Ergoterapi ruh sıhhatini da olumlu etkiler
Ergoterapinin, genel hayat standartlarının kıymetli bir bileşeni olan kişinin ruh sıhhati üzerinde de olumlu bir tesire sahip olabileceğinin altını çizen Asgerova, “Anlamlı faaliyetlere iştiraki teşvik ederek kişinin ruh halini güzelleştirebilir, depresyon ve dert hislerini azaltabilir. Ayrıyeten insanların zihinsel sıhhatlerini ve refahlarını daha da artırabilecek toplumsal irtibatlar kurmalarına yardımcı olabilir. Bireyler bağımsızlıklarını tekrar kazandıklarında kendilerine olan itimatları artar. Bu itimatla günlük aktivitelerini gerçekleştirirken içsel motivasyonunu tekrar kazanır. Toplumsal yaşantıların sürdürülmesi ve keyif alınan aktifliklerin yapılması üzere etkenler hayat kalitesini arttıran faktörlerdir.” biçiminde konuştu.
Yaşam kalitesini kıymetlendirmek için birtakım ölçütler kullanılır
Bireylerin hayat kalitesini değerlendirirken çeşitli şartların incelendiğini lisana getiren Prof. Dr. Sevda Asgerova, “Yaşam kalitesini kıymetlendirmek için ergoterapistlerin kullandığı anketler, kıymetlendirme ölçekleri ve performans testleri üzere çeşitli araç ve geliştirilmiş ölçütler vardır. Bunlar kişinin fizikî sıhhat durumu, günlük ömür aktivitelerini yapma ve hareket kapasitelerini gerçekleştirme, kişinin zihinsel sıhhatini, kişinin toplumsal etkileşimlerini, kişinin mesken yahut iş ortamı hakkında bilgi sağlar.” dedi.

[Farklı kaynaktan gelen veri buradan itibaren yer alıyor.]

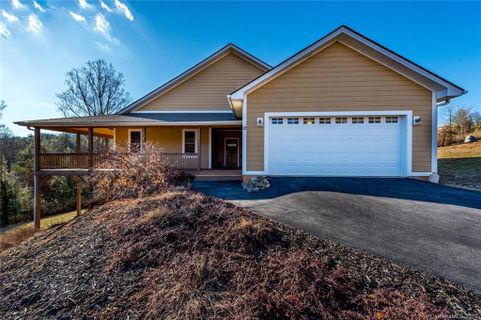 12 Reaston Ridge sold home in Reaston Ridge, Weaverville, NC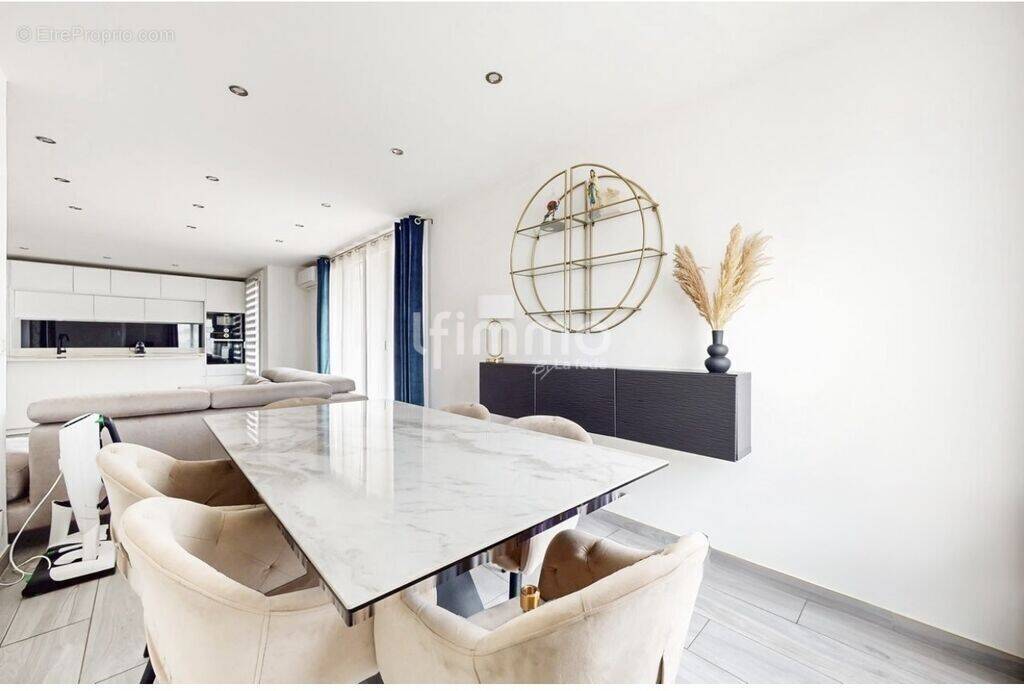 Appartement à MARSEILLE-12E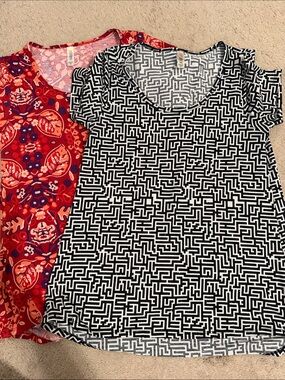 Set of 2 LuLaRoe XS Classic Tees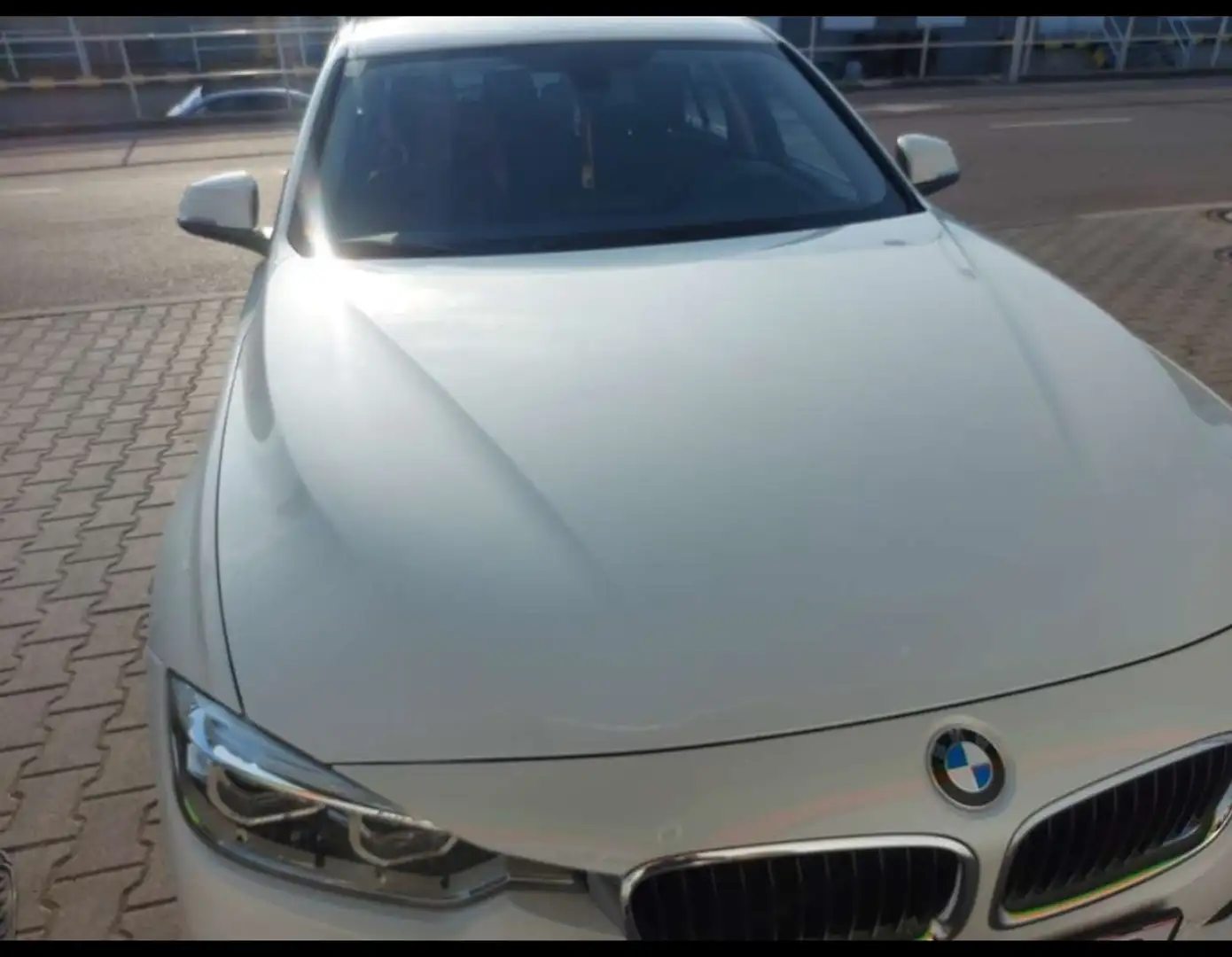 BMW 318 318d Touring Sport Line Sport Line Weiß - 1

Asgerova, bu ölçekler sayesinde bilgi edinilebilecek hususları şöyle sıraladı:
– Genel hayat doyumu ve hayat kalitesi
– Fizikî ve ruhsal sıhhat, toplumsal bağlar ve çevre
– Kişinin konut ortamının güvenliğini ve erişilebilirliği
– Kişinin kendi algıladığı mesleksel performansını ve günlük faaliyetlerden memnuniyeti
– Konut ortamındaki günlük etkinliklere iştirakin önündeki engeller
– Genel sıhhat algıları, fizikî işleyiş, fizikî yahut duygusal problemlere bağlı rol sınırlamaları, toplumsal işleyiş, enerji/yorgunluk, ağrıyı kıymetlendirme, sıhhatle ilgili ömür kalitesi
– Hareketlilik, öz bakım, olağan aktiviteler
– Makul ömür alanlarındaki memnuniyet
“Ergoterapi, insanın hayat kalitesini arttıran bir sanattır”

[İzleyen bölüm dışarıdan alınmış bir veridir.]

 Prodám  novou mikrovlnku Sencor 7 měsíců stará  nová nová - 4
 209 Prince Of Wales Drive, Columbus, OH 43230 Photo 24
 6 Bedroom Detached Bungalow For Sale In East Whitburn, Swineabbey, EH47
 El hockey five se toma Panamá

Tüm değerlendirmeler yapıldıktan sonra ömür kalitesini arttırmaya yönelik gayelerin kişi ile iş birliği içerisinde belirlendiğini ve bilgiler ışığında şahsa özel müdahale planı hazırlandığını tabir eden Prof. Dr. Sevda Asgerova, “Bu plan, kişinin günlük hayat aktivitelerini daha bağımsız bir formda yapabilmesini ve hedeflenen ömür kalitesine ulaşmayı hedefler.” dedi.
Ergoterapi ve ömür standartlarının birbiriyle yakından irtibatlı olduğuna ve ergoterapinin, bir kişinin ömür kalitesini, bağımsızlığını ve genel refahını güzelleştirmede değerli bir rolü olduğuna vurgu yapan Asgerova kelamlarını şöyle tamamladı:
“Ergoterapi müdahalesinin sonuçları bireyden bireye değişebilir lakin genel olarak, ergoterapi müdahalesinin ömür kalitesine olumlu tesiri vardır. Zira ergoterapi, müspet terapidir. Hatta, geniş bir açıdan bakıldığında ergoterapi, tam manasıyla ‘insanın ömür kalitesini arttıran bir sanattır’ diyebiliriz. İnsan hayatında değerli bir yer fiyat ve her türlü yaşamsal mevzuyu ele alarak kişinin içinde bulunduğu durumu her ne olursa olsun güzelleştirir. Ömürden keyif almayı öğretir ve bireylerin hayatlarına dokunur.”